また最近では、パソコンやスマートフォンなどを用いたテレビ電話なども録画ができるので、そのような方法を使うことも考えられます。そして事前のすり合わせが完了したら遺産分割協議書案を作成して郵送し、問題がないようであれば正式な遺産分割協議書を作成して押印などを行う必要があります。
今まで紹介してきたように遺産分割協議書は相続人全員分を作成し全てに押印が必要になります。このため、郵送で行う場合にはかなりの時間や労力がかかってしまいます。
相続人の中に未成年者がいる場合
未成年者が相続人として単独で遺産分割協議に参加し、遺産分割協議書に署名押印をすることはできず、必ず法定代理人が代わりに行わなければなりません。
法定代理人は通常であれば未成年者の親などが考えられますが、遺産分割協議の場合には親も相続人であることがよくあります。

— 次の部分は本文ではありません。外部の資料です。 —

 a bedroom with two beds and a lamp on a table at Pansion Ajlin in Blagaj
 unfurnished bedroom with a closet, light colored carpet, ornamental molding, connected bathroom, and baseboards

その場合には未成年者と親との間で利害関係がありますので、相続人である親は未成年者の法定代理人になることが出来ません。このような場面では、家庭裁判所に「特別代理人」の選任を申し立て、選任された特別代理人が未成年者の代理人として遺産分割協議に加わります。
相続人の中に認知症の方がいる場合
認知症の方が相続人の場合には、その代理人として成年後見人が遺産分割協議に参加することが求められます。
既に家庭裁判所により後見開始の審判を受けている場合はもちろん、まだ受けていない場合には遺産分割協議をする前に家庭裁判所に後見開始の審判の申立てをして、成年後見人を代理人としてその後の手続きを行うことで、事前にトラブルを防ぐことが出来ます。成年後見人には親族のほか、弁護士や司法書士などの専門家が就任することが増えてきています。
相続人の中に海外在住の方がいる場合
海外に在住している相続人が日本の住民票を抹消して海外に在住している場合には、印鑑登録及び印鑑証明書の取得ができないので、海外にある在外公館で「サイン証明書」を取得する必要があります。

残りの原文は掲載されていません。